The Power Of Gratitude In The Workplace
One of the first things that came to mind when I was thinking about implementing our “Wall Of Kindness” during the holidays at our work place was this article I read on Huffington Post that states: “expressing gratitude improves mental, physical and relational well-being. Being grateful also impacts the overall experience of happiness, and these effects tend to be long-lasting”. Who or what workplace couldn’t use more of that?
Here are some interesting statistics from a survey conducted by Greater Good:
-93% of people agree that grateful bosses are more likely to succeed
-18% of workers think gratitude make bosses seem weak
-60% of respondents said they “either never express gratitude at work or do so perhaps once a year”
-35% of respondents believed that expressing any gratitude could lead coworkers to take advantage of them
Here are some of the key points:
Benefits of Gratitude
-Improved physical, emotional, and social well-being
• Stronger immune systems
• Less bothered by aches and pains
• Lower blood pressure
• Exercise more and take better care of their health
• Sleep longer and feel more refreshed upon waking
• Higher levels of positive emotions
• More alert, alive, and awake
• More joy and pleasure
• More optimism and happiness
• More helpful, generous, and compassionate
• More forgiving
• More outgoing
• Feel less lonely and isolated.
-Greater optimism and happiness
-Improved feelings of connection in times of loss or crises
-Heightened energy levels
-Strengthened heart, immune system, and decreased blood pressure
-Improved emotional and academic intelligence
-Expanded capacity for forgiveness
-Decreased stress, anxiety, depression, and headaches
-Improved self-care and greater likelihood to exercise
-Heightened spirituality — ability to see something bigger than ourselves
-From UCDavis: “grateful people report higher levels of positive emotions, life satisfaction, vitality, optimism and lower levels of depression and stress.”
-According to this People who express gratitude are more extroverted, agreeable, open, conscientious, and less neurotic
-Higher levels of gratitude were associated with better sleep, and with lower anxiety and depression, according to this study
-Significant increases in determination, attention, enthusiasm and energy
-According to this researchers surveyed 1,035 high-school students and found that the most grateful had more friends and higher GPAs (and let’s face it…Retail can be a little high-school-ish at times)
-Gratitude is used as a “moral motive” – because it encourages pro-social behavior
-Employees who had been empowered to give recognition were more than twice as engaged, according to Globoforce
According to Greater Good here are “Five Ways To Cultivate Gratitude At Work”:
(1) It starts at the top
There should be no surprise that the executives set the tone for the rest of the company. If the executive leaders are genuine and articulate/show appreciation it will become a cultural norm.
(2) Thank the people that never get thanked
Everyone in a retail organization should be thanked for their contribution to the business – whatever that may be.
(3) Quality over quantity
Give opportunity to create “voluntary, spontaneous expressions of gratitude”. It is unwise to force gratitude, it must be organic and sincere to the culture. It will absolutely lose impact if it becomes commonplace or expected.

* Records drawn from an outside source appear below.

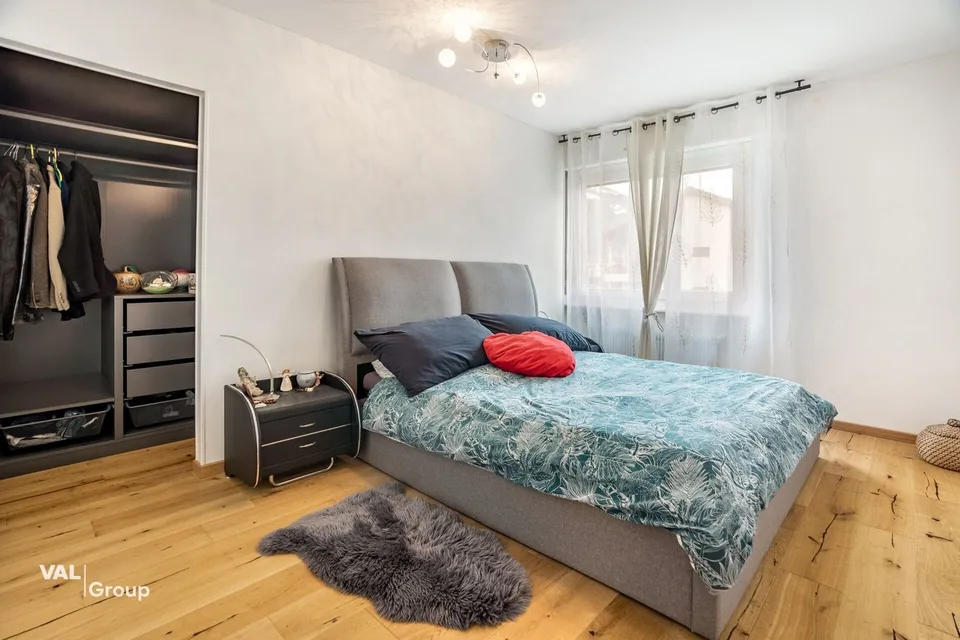 Stilvoll renoviert mit viel Platz und Charme – Foto 8 von 13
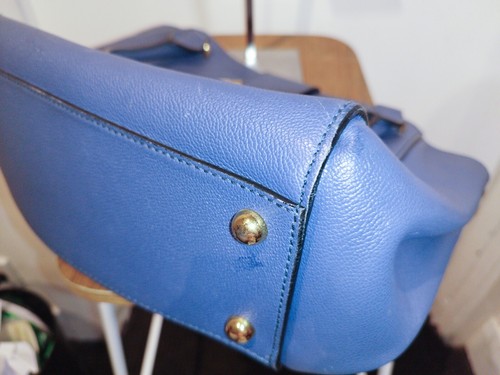 Burberry blue leather medium buckle tote bag - Picture 6 of 10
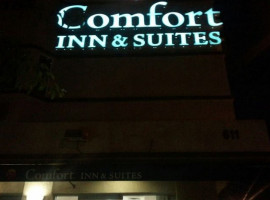 Comfort Inn Suites inside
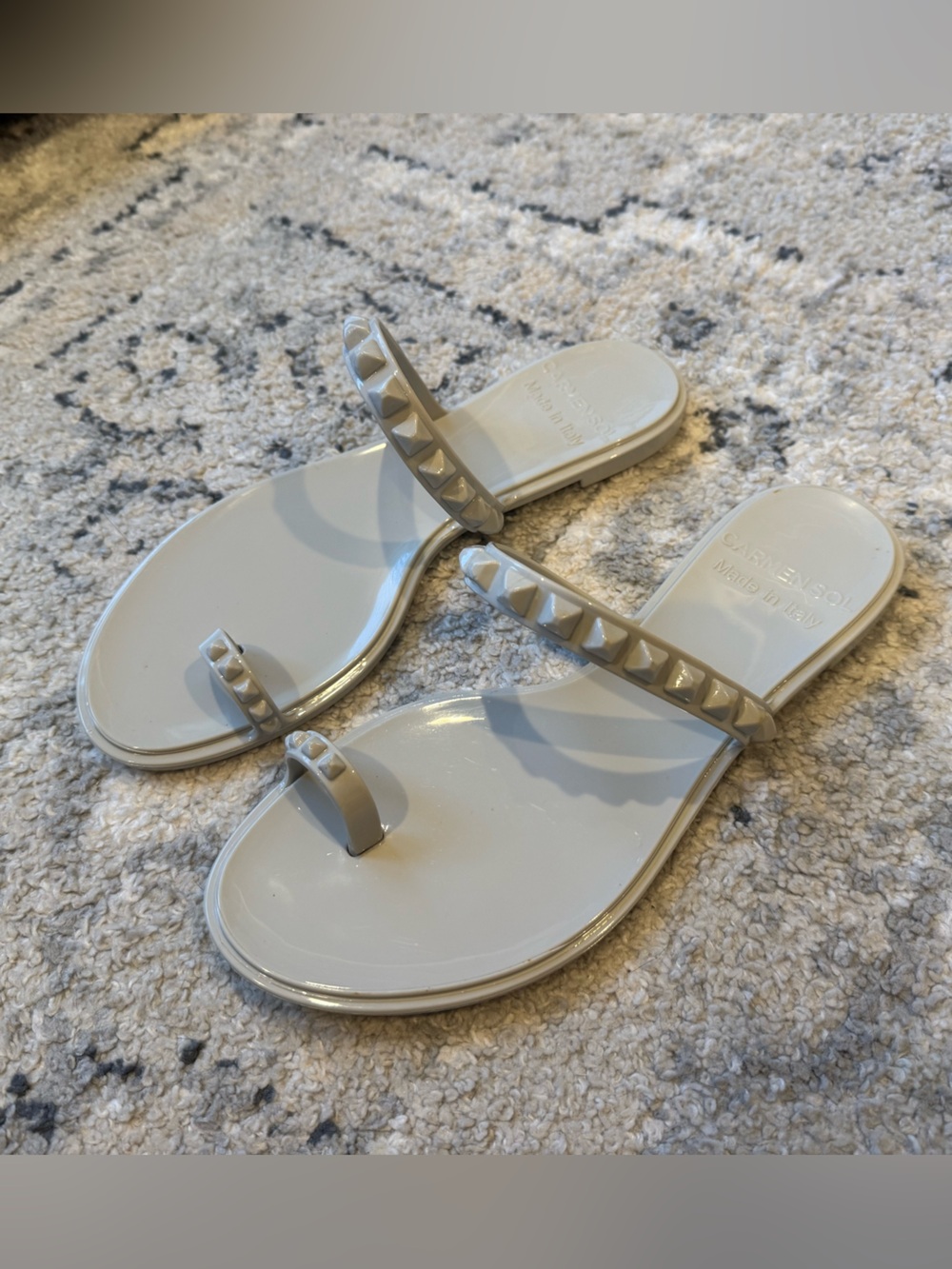 Carmen Sol Stud-Trim light gray Women's Toe-Ring Sandals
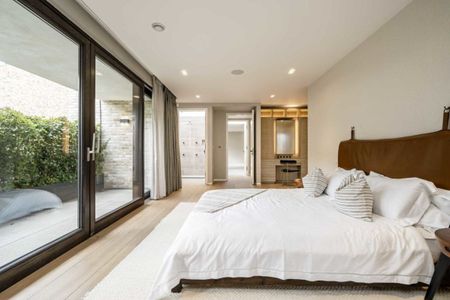 Victoria Mews, Notting Hill, W11 - Photo 2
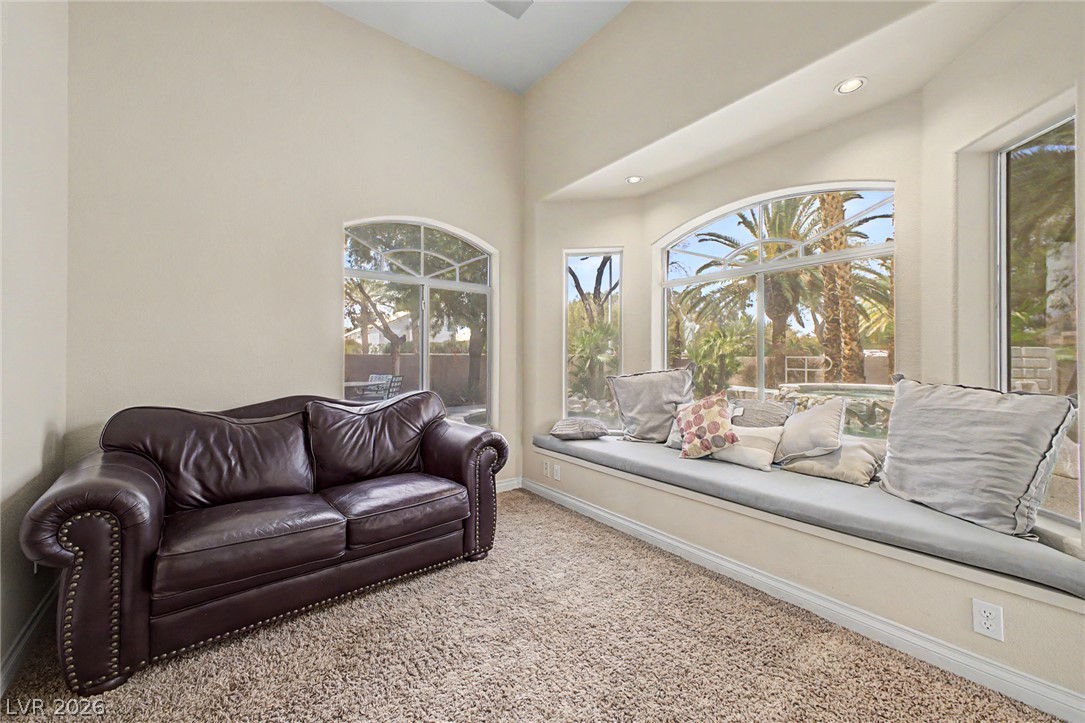Photo 18 of 43, 109 Weatherwood Court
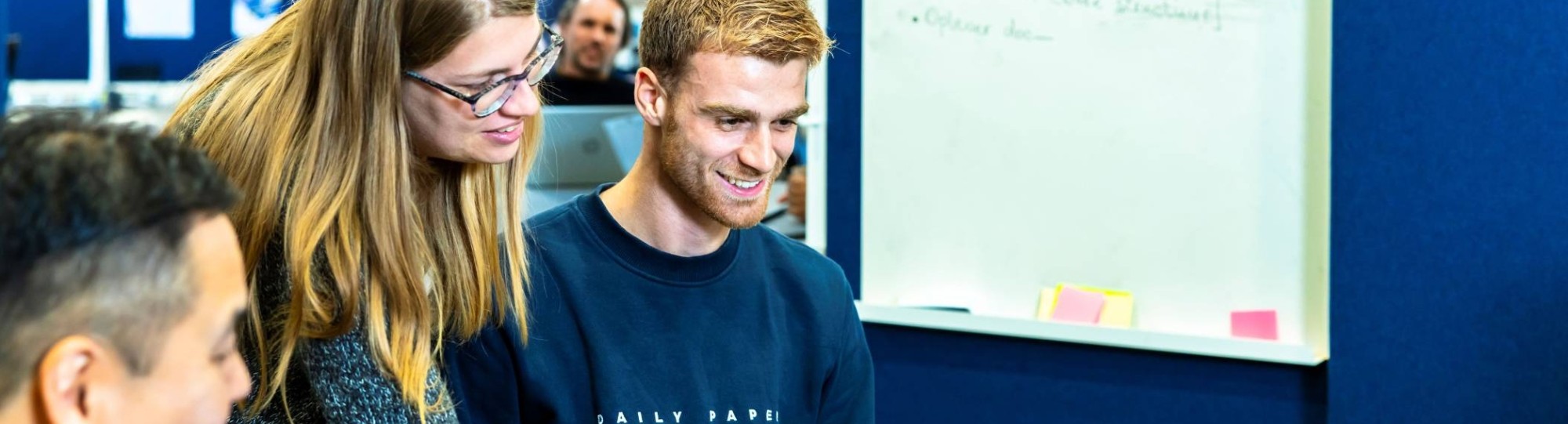 Docent Master Applied Data Science geeft uitleg aan student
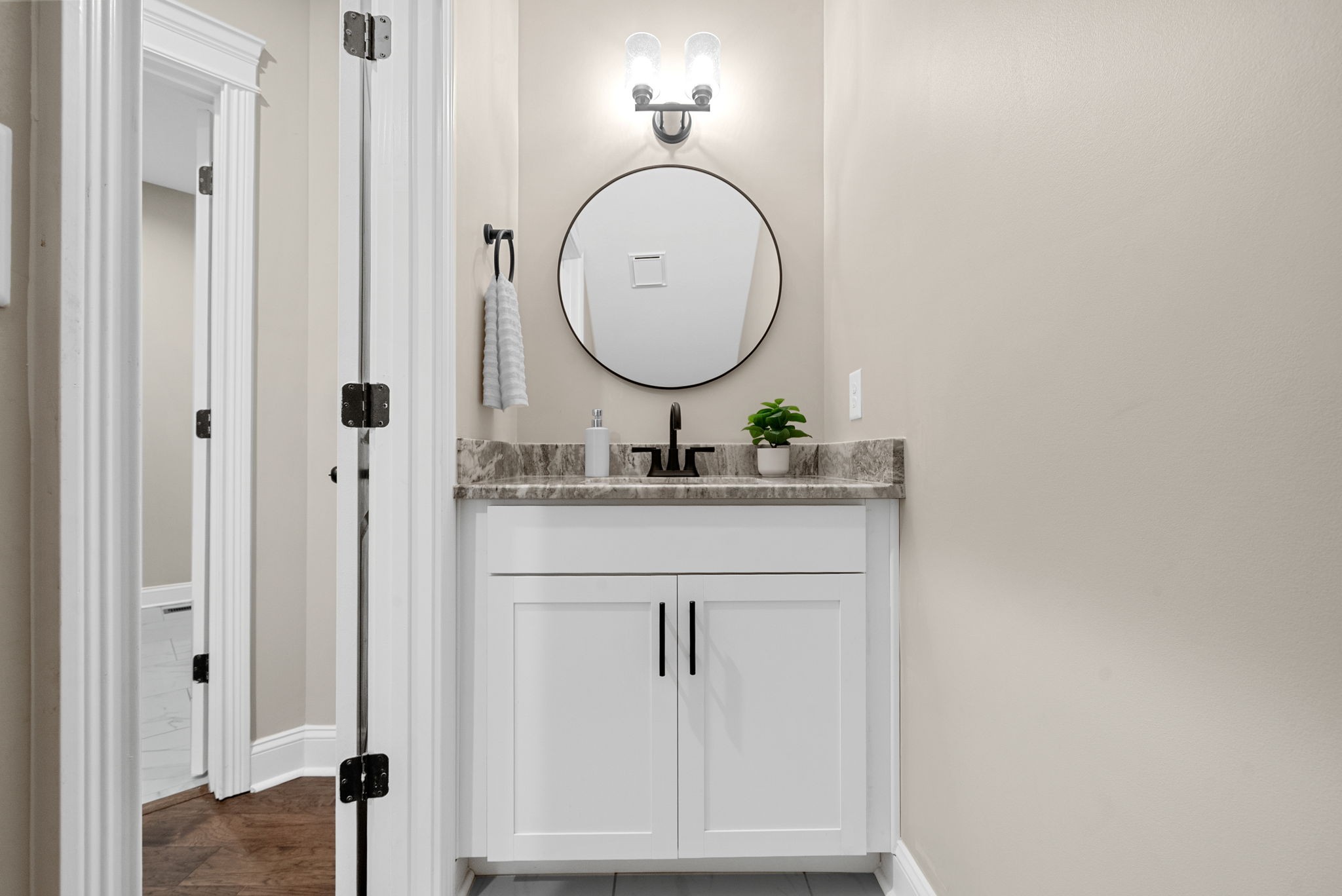 Clarksville, Tennessee 37040, United States, 4 Bedrooms Bedrooms, ,4 BathroomsBathrooms,Residential,Active,218137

(4) Provide many opportunities for gratitude
Whether you have a recognition platform that you use or you have a place in your buildings where you can recognize and thank your peers you need to allow for a variety of ways to express “thanks”. “You can say “thanks” by taking on extra work, lending a parking space, or giving a day off. These kinds of non-monetary gifts can lead to more trust in working relationships, if it’s reciprocal, sincere, and altruistically motivated.”
(5) In the wake of crisis, take time for thanksgiving
“Gratitude helps employees to see beyond one disaster and recognize their gains. Ideally, it gives them a tool ‘to transform an obstacle into an opportunity,’ If your office has gone through a crisis, hold a meeting with the aim of gaining a new perspective on the incident. Emmons proposes a series of questions to help people recover from difficult experiences, which I’ve adapted for the workplace:
(a) What lessons did the experience teach us?
(b) Can we find ways to be thankful for what happened to us now, even though we were not at the time it happened?
(c) What ability did the experience draw out of us that surprised us?
(d) Are there ways we have become a better workplace because of it?
(e) Has the experience removed an obstacle that previously prevented us from feeling grateful?”
Aside from all of these benefits of expressing gratitude and fostering a culture of gratitude – it boils down to being a supportive coworker and strong retail leader. Every day most people do something that is worthy of a sincere thank you. As you can see in the statistics of topic – recognition and appreciation for help and support is severely underused but extremely valued and valuable inside the business to morale, engagement, happiness, and productivity.